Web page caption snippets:
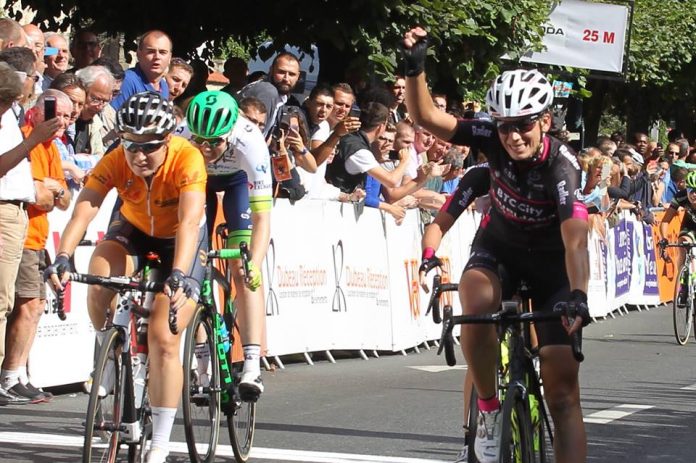 TODAYCYCLING - Eugenia Bujak s'est imposé à Pontoise ! Photo : Route de France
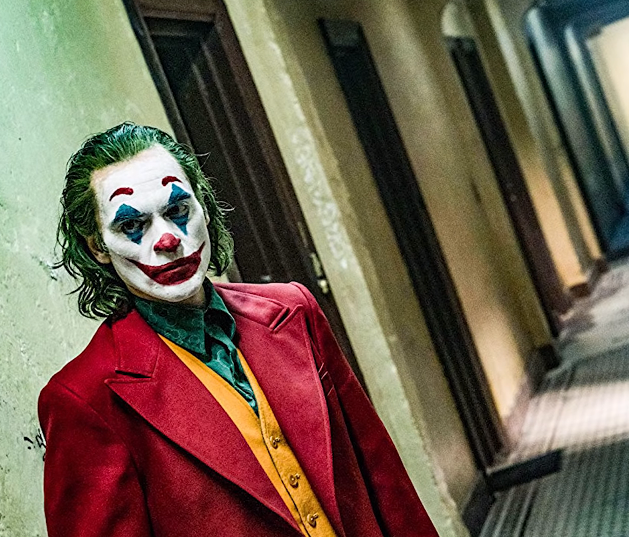 Темный рыцарь фильм 2008 джокер. Хит леджер в образе джокера. Стоит джокер. Джокер артур флек. Джокер 2019 в полный рост.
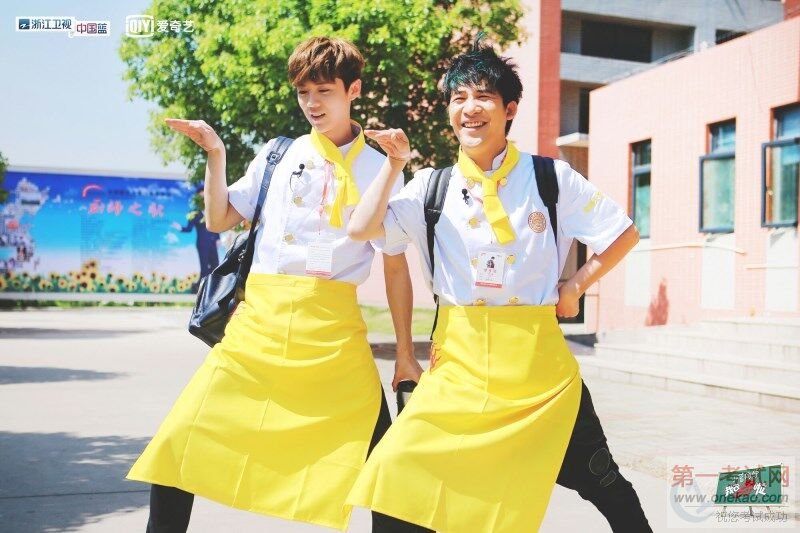 ȥѧ2¶ƪ¶ѧУɫγ̴󼯺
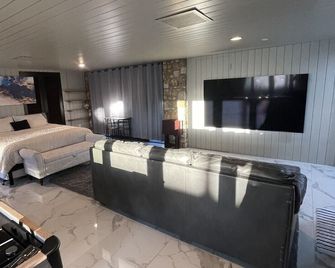Stylish Retreat/86`TV/King Bed/Spa Shower/Shuffleboard/Near the Lake - Lake Wales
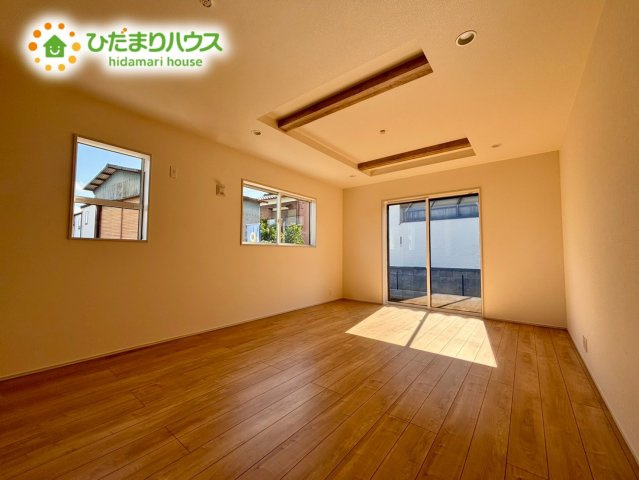鴻巣市吹上本町2丁目　新築戸建　ブルーミング01の居間・リビング|LDK：17.25帖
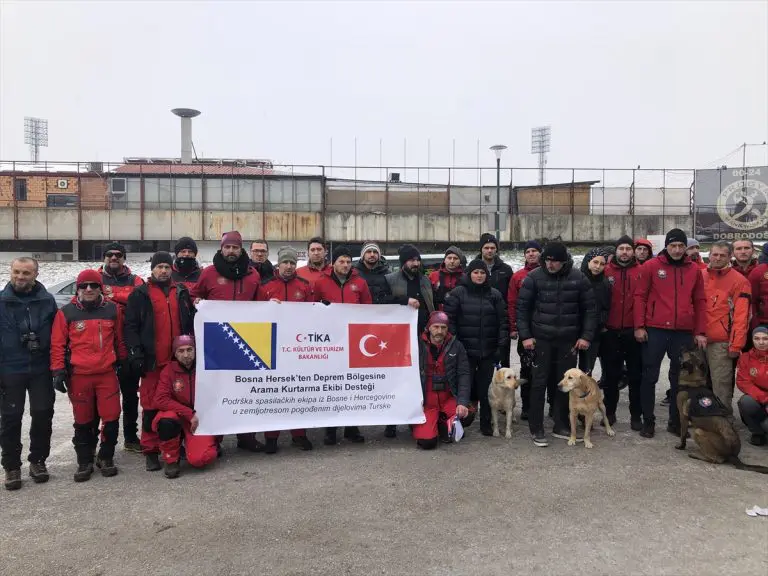 Još 45 spasilaca otputovalo u Tursku, do sada ukupno 129 iz Bosne i Hercegovine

• [WORK ITEM]
Write out each entry exactly as given, but skip the pictures.

• [FINISHED EXERCISE]
 TODAYCYCLING - Eugenia Bujak s'est imposé à Pontoise ! Photo : Route de France
 Темный рыцарь фильм 2008 джокер. Хит леджер в образе джокера. Стоит джокер. Джокер артур флек. Джокер 2019 в полный рост.
 ȥѧ2¶ƪ¶ѧУɫγ̴󼯺
Stylish Retreat/86`TV/King Bed/Spa Shower/Shuffleboard/Near the Lake - Lake Wales
鴻巣市吹上本町2丁目　新築戸建　ブルーミング01の居間・リビング|LDK：17.25帖
 Još 45 spasilaca otputovalo u Tursku, do sada ukupno 129 iz Bosne i Hercegovine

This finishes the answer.